Data block
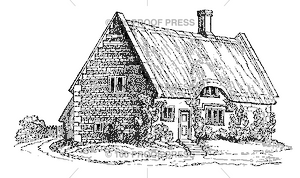 3661 Thatched Cottage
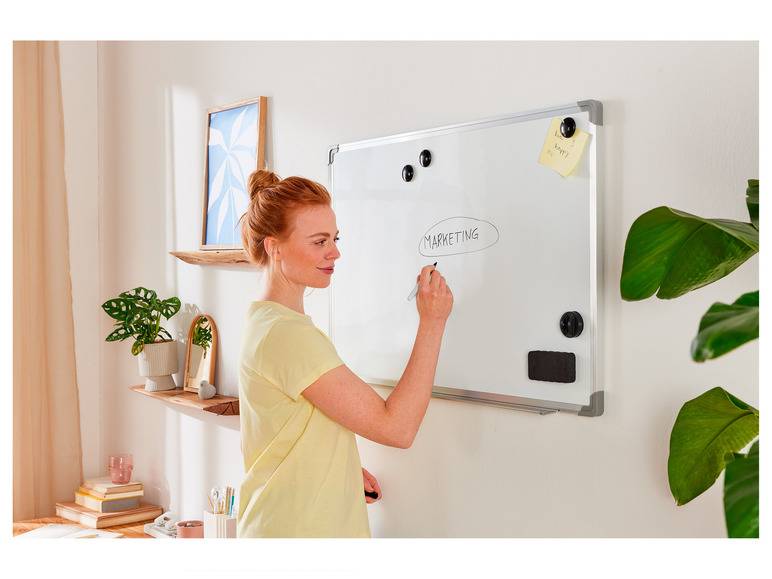 UNITED OFFICE® Magnet- und Whiteboard, abwischbar Bis zu 50% Rabatt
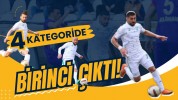 4 Kategoride de birinci çıktı!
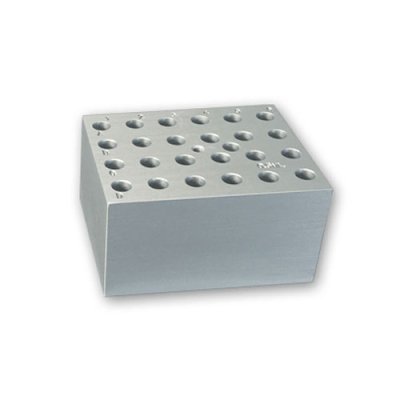Block, 24 x 0.5ml centrifuge tubes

What is needed
What the answer needs is every line from the one with "4 Kategoride de birinci çıktı!" through the last line of the data, reproduced word for word and with pictures omitted.

Your response
 4 Kategoride de birinci çıktı!
Block, 24 x 0.5ml centrifuge tubes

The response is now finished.